[[ Data block, beginning ]]
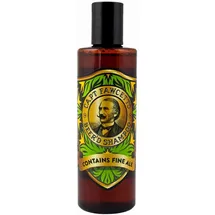 Captain Fawcett's Beer'd Shampoo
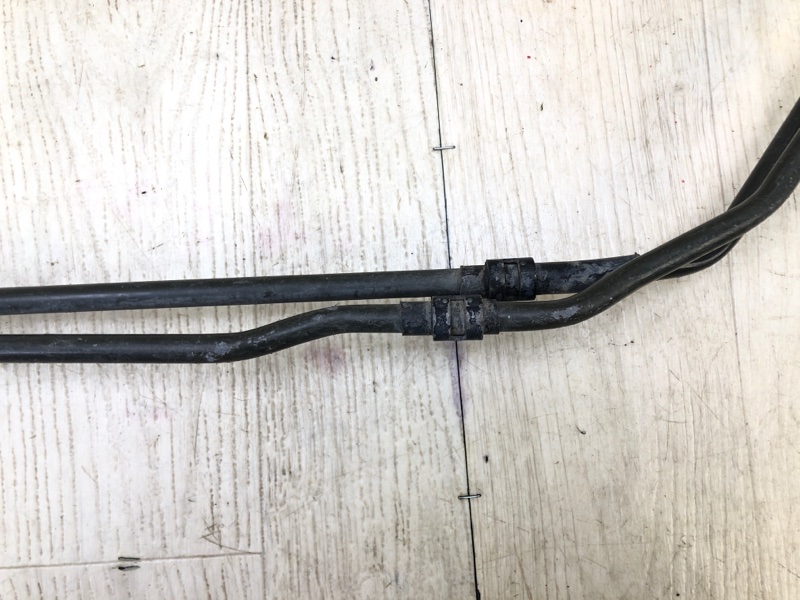 Радиатор ГУР CX-7 06-12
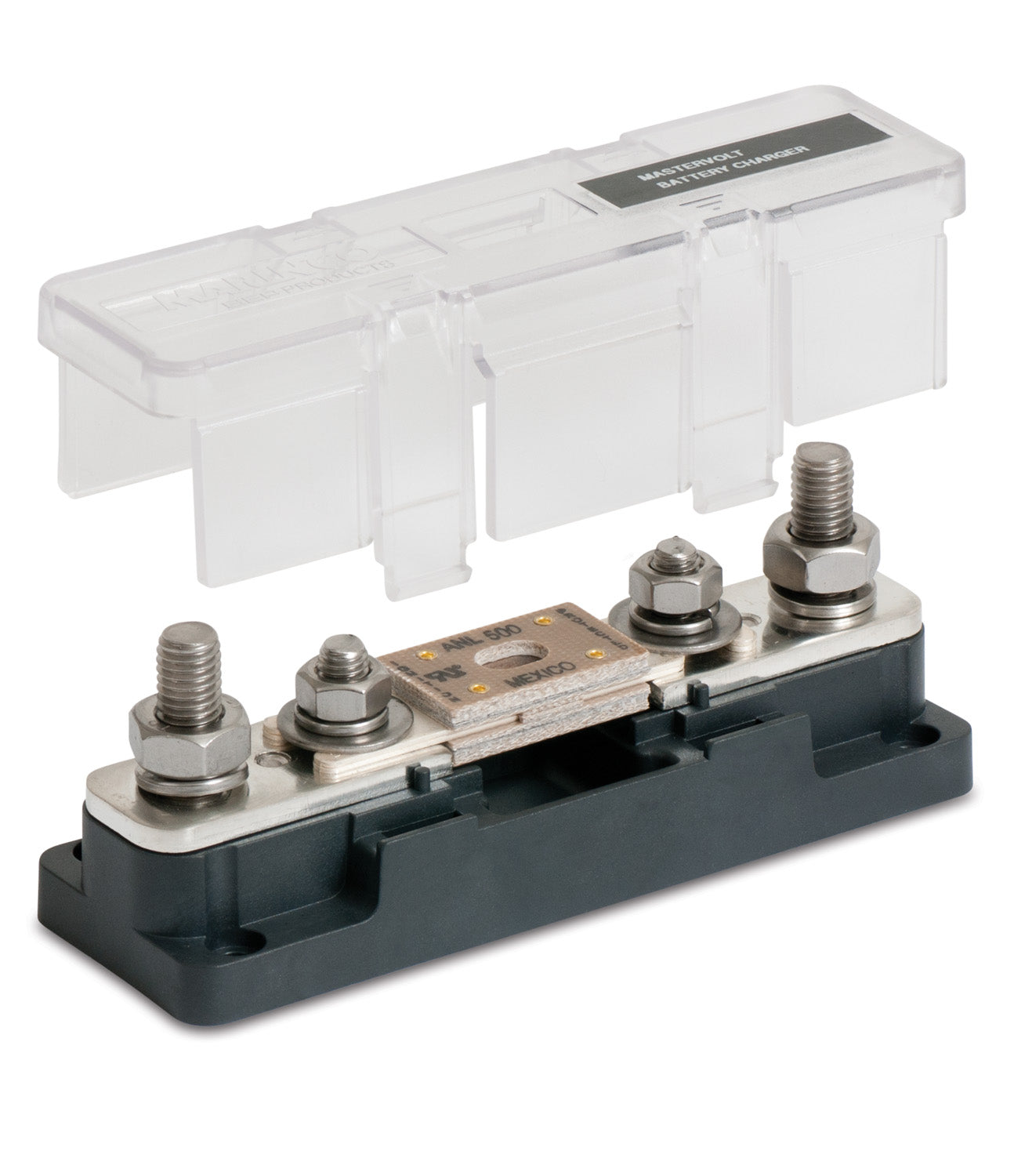 BEP BEP778ANL2S ANL Fuse Holder For up to 750Amp Fuse with 2 Additional Studs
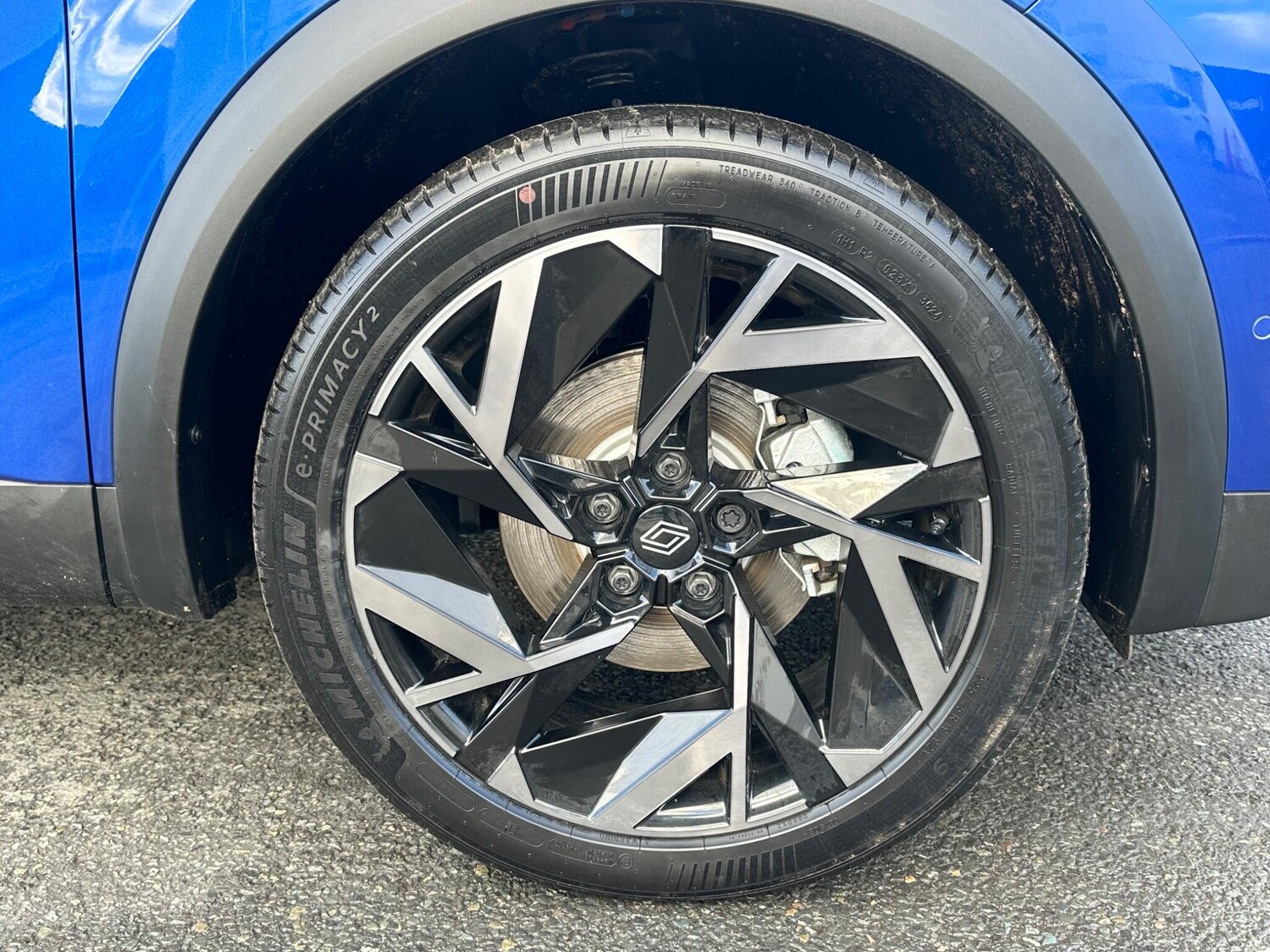 Used Renault Other 2025 for sale - 76781659: Photo 25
[[ Data block, end ]]
Task directions: Would you print all of the material exactly as written, minus the pictures?

Written answer:
 Captain Fawcett's Beer'd Shampoo
 Радиатор ГУР CX-7 06-12
 BEP BEP778ANL2S ANL Fuse Holder For up to 750Amp Fuse with 2 Additional Studs
 Used Renault Other 2025 for sale - 76781659: Photo 25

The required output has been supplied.